**WHAT NEEDS TO BE DONE**
Copy out again, unchanged, the listing below from the line that has "Seed Supplier" through the line that has "Что лежит в основе роста организмов кратко".
━━━ SUPPLIED MATERIAL
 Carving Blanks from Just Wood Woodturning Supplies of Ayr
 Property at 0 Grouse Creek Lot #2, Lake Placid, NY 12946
━━━━━━
━━━ SUPPLIED MATERIAL
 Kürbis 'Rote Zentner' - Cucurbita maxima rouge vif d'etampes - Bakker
━━━━━━
━━━ SUPPLIED MATERIAL
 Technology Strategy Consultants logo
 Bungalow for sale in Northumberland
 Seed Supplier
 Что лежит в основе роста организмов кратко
━━━━━━
**RESPONSE TO THIS TASK**
 Seed Supplier
 Что лежит в основе роста организмов кратко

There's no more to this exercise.